You can find the source code on GitHub for the simple order fulfillment application, introduced in the first blog in this series, available as the flowing-retail sample application which we use as an example in this blog.

Ownership of process models

Independent of the physical deployment of a workflow model (where the engine runs) it must be crystal clear who is responsible for a certain model, where it is maintained and how changes are deployed.

In microservice architectures the ownership of a workflow model must be in the team owning the respective domain.

In the flowing-retail example there are two workflow models:

  • Order fulfillment: This belongs to the order fulfillment business capability and has its home in the order microservice.
  • Payment: This is owned by the payment microservice.

It is really essential that you distribute the ownership of parts of the business process fitting to your domain boundaries. Don’t do a BPM monolith — where e.g. the order fulfillment process handles business logic and other details related to payment — just because you do a workflow model.

The “orchestration process”?

I am often asked: “But where is the orchestration process?”
That’s easy — In my understanding of microservices, there is no such thing as an orchestration process. Often, people mean end-to-end business processes, like order fulfillment in the above example. Of course, the end-to-end process is highly visible and important, but it is domain logic like everything else and goes into a microservice boundary in our example the order microservice. In that sense the order microservice containing end-to-end orchestration logic might be very important — but organized the same like other microservices as e.g. payment.

When saying “orchestration process,” some people mean domain logic that only involves the flow — so the respective microservice might not have other logic (no own data, no own programming code, etc.). That’s fine — but it should still be a microservice as even this logic needs clear responsibilities. And often the logic grows over time anyway.

Summary

  • This topic is complex and there are no easy-to-adopt-in-all-scenario-answers. I hope this blog series gave you some orientation. Let’s quickly recap:
  • You need to choose your communication style: Asynchronous, RPC-ish or work distribution using the workflow engine. Depending on that choice the workflow engine can perform different favors for you:
  • The ownership of workflow models must be in the domain of the respective microservice. The workflow should clearly concentrate on that domain.
  • You can run the workflow engine centralized or decentralized.
  • Track or manage —you should strive for a balanced mix of choreography and orchestration.

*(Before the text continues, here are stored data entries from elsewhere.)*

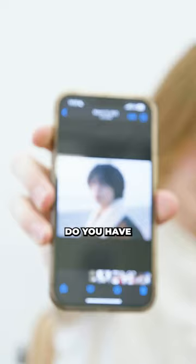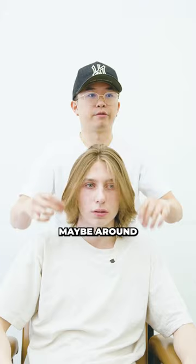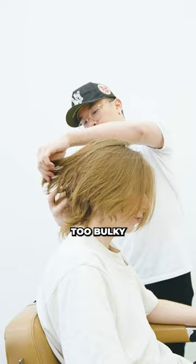Do you have an inspiration or a photo you want to show me? Yeah, here we do. We want to cut it to maybe around your nose level, layer everything off the sides, and bring the back up a little higher too. It's too bulky on this one section right here, so we're just going to re-layer everything.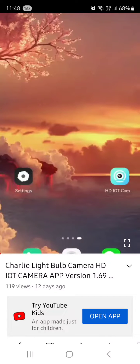The first step, once you receive the light bulb camera, is to get the brochure booklet inside the box and scan the QR code.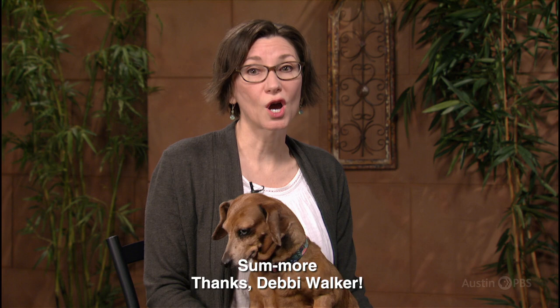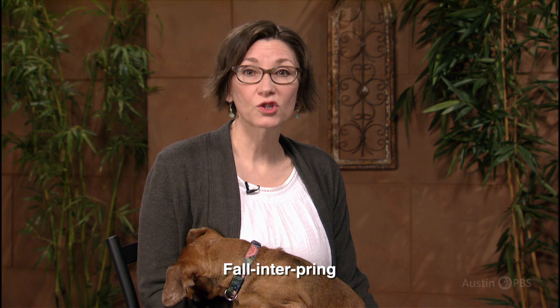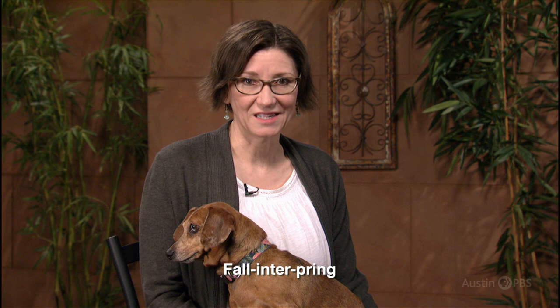From San Antonio, Debbie Walker nails our topsy-turvy seasons with witty perfection. She quips that we have two unofficial seasons. One is "Some More" — with temperatures over 75 degrees — which collectively dominates our weather for six to eight months. Although concentrated around traditional summer months, Some More's heat regularly shows up during the second unofficial season: Fall Interpring. While we expect temperatures below 75 degrees at this time of year, Fall Interpring is an undependable season, quite often overshadowed by the more dominant Some More.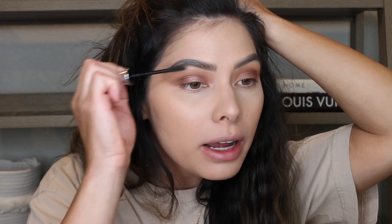Brows are done. I'm just going to glue these brows in place with this 24-hour brow setter by Benefit. I feel like I'm out of practice with my brows — that took a lot longer than I had anticipated.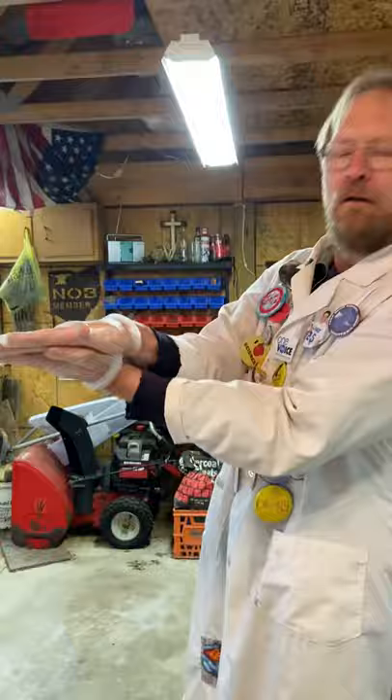Three, two, one, action! Fetal pig dissection, day one. Hey everybody, here we are doing virtual pig dissection — your friend and mine, the fetal pig.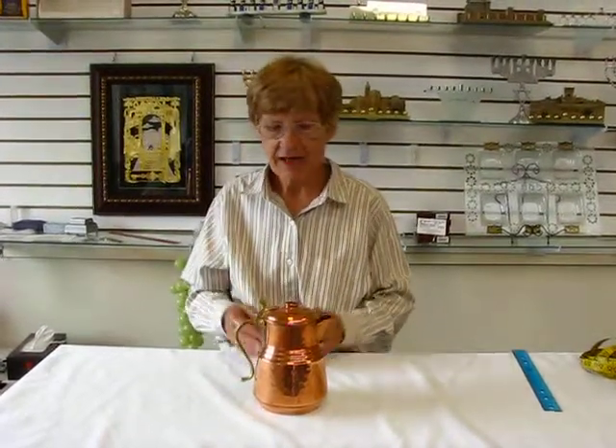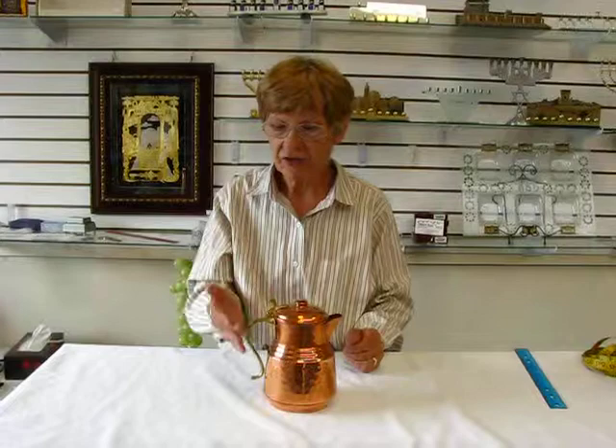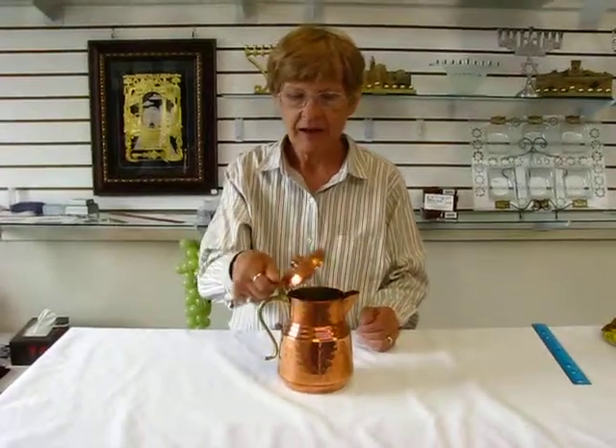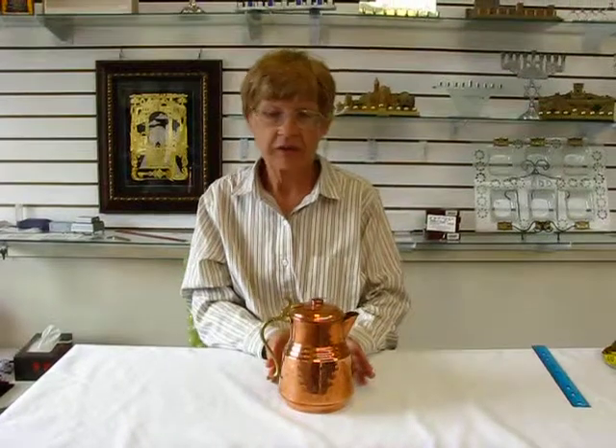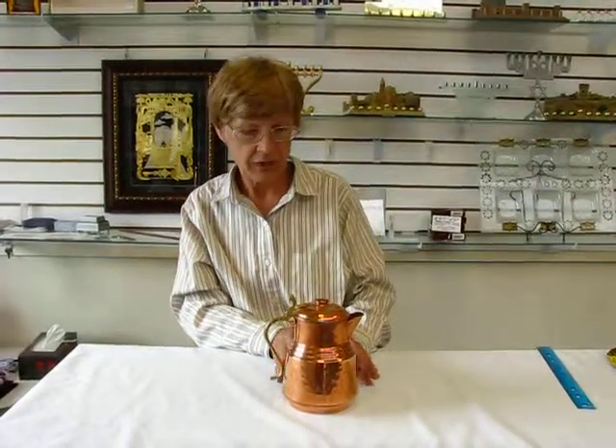Hi, it's Hava at Erin's Jewish Books and Judaica in the Mile High City of Denver, and I have a beautiful handmade copper teapot to show you. This teapot features a brass handle that allows you to lift the lid. This pot is great for decorations in your kitchen or your sunroom.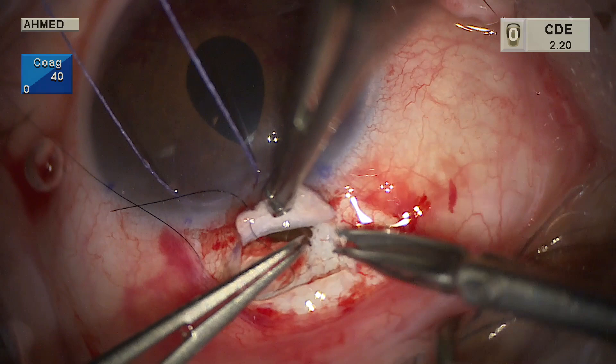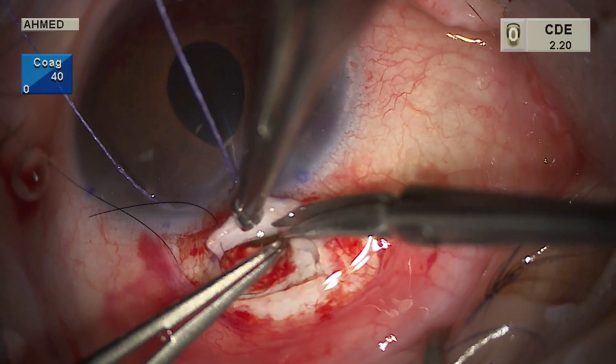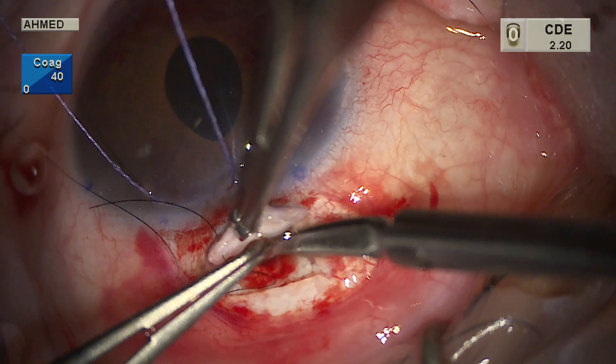The iridectomy is made as a broad-based iridectomy by pulling the iris out of the ostomy, moving to the right and cutting, then to the left and cutting. This creates a broader iridectomy to prevent iris entrapment into the ostium. The iridectomy is visible through the ostium that has been made.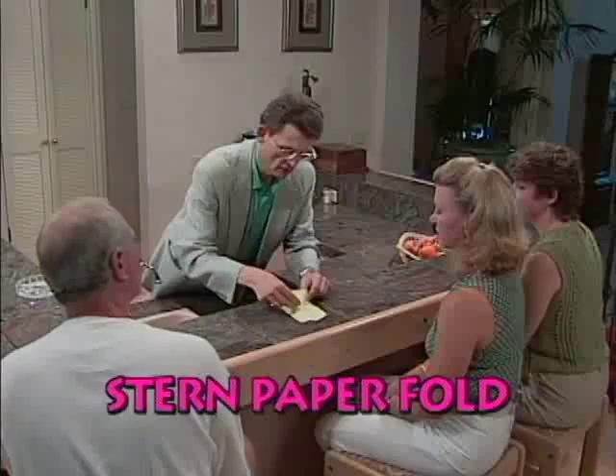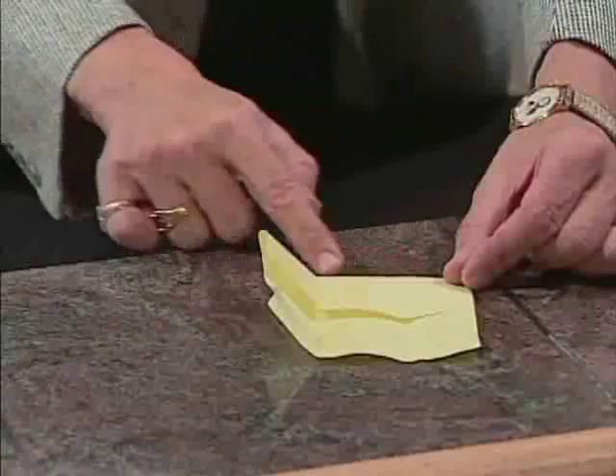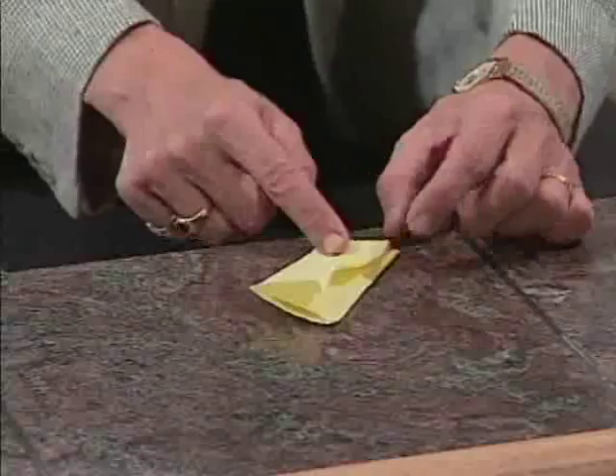This is a very clever idea with a coin and a piece of paper. Now, if I place the coin in the center and fold the paper up from the bottom, the coin cannot get out the bottom. If I fold it from the left side, it can't go out the left side. If I fold in the right side, that prevents the coin from going out this right side.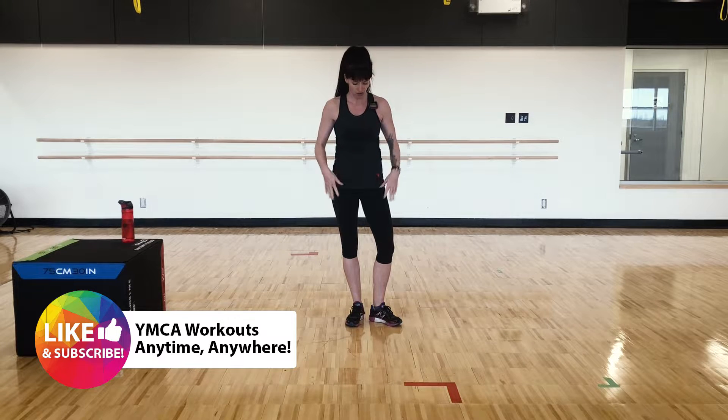Hello everybody and welcome back. My name is Amy and today I will be leading you through a lower body weight workout, so you don't need any equipment — just your own body weight. Let's get started.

Interested in learning more?

Watch Monitoring & Orchestrating Your Microservices Landscape using Workflow Automation webinar, led by Bernd Ruecker, our Camunda Co-Founder and Chief technologist. He discussed how workflow automation supports the orchestration of microservices, ensuring seamless execution of business processes even in a case of a failure.

Get the webinar recording here.

This blog was originally published on Bernd’s blog – check it out if you want to dive even deeper into microservices!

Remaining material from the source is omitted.